**PROBLEM TO SOLVE**: Keep the images out and set the listing below down word for word.

[[ DATA open ]]

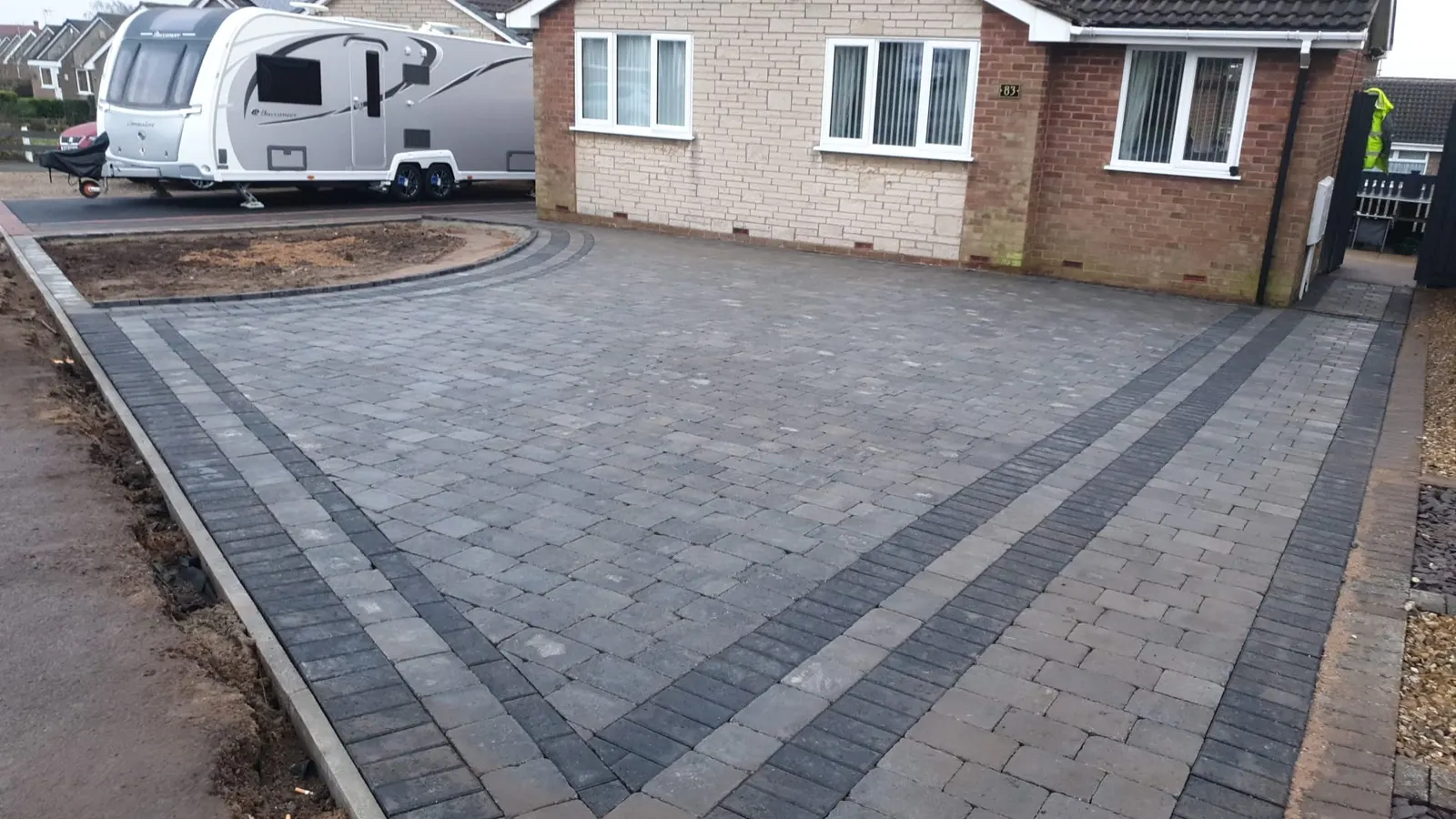 Grey block paving driveway with charcoal bands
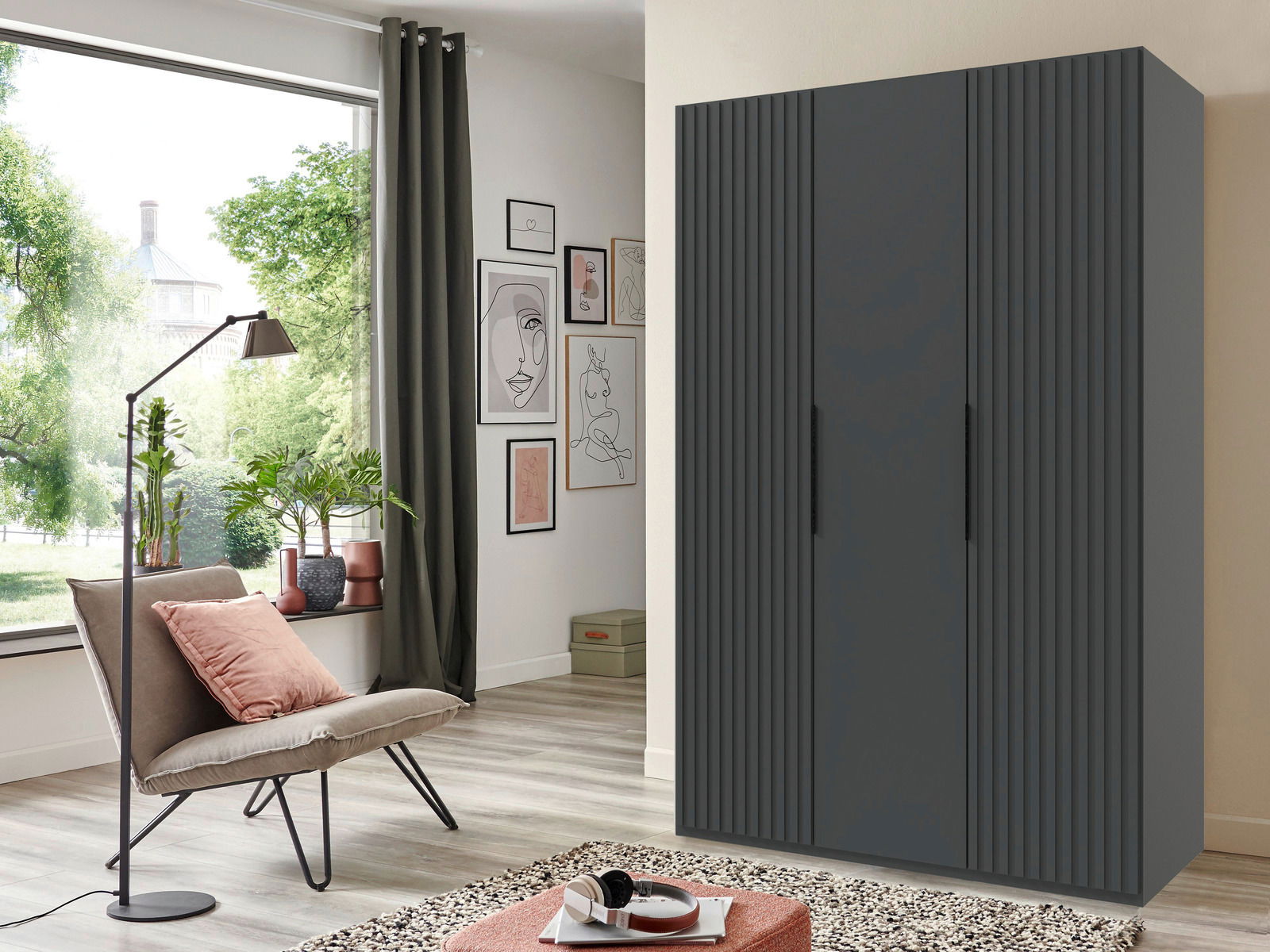 Moderner dreitüriger Drehtürenschrank in dunklem Grau, frontal fotografiert in einem stilvoll eingerichteten Wohnzimmer mit großen Fenstern und grüner Aussicht.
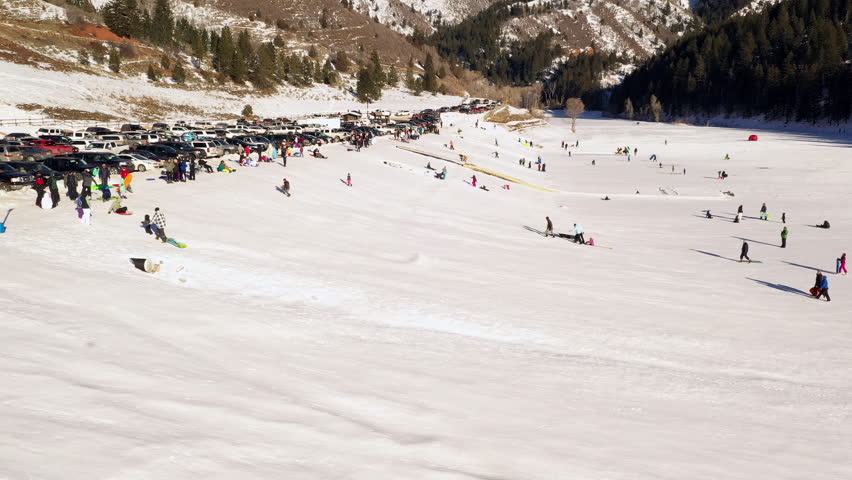People sledding down onto frozen lake in winter from small hill during the holidays on sunny day.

[[ DATA closed ]]

**RESPONSE**:
 Grey block paving driveway with charcoal bands
 Moderner dreitüriger Drehtürenschrank in dunklem Grau, frontal fotografiert in einem stilvoll eingerichteten Wohnzimmer mit großen Fenstern und grüner Aussicht.
People sledding down onto frozen lake in winter from small hill during the holidays on sunny day.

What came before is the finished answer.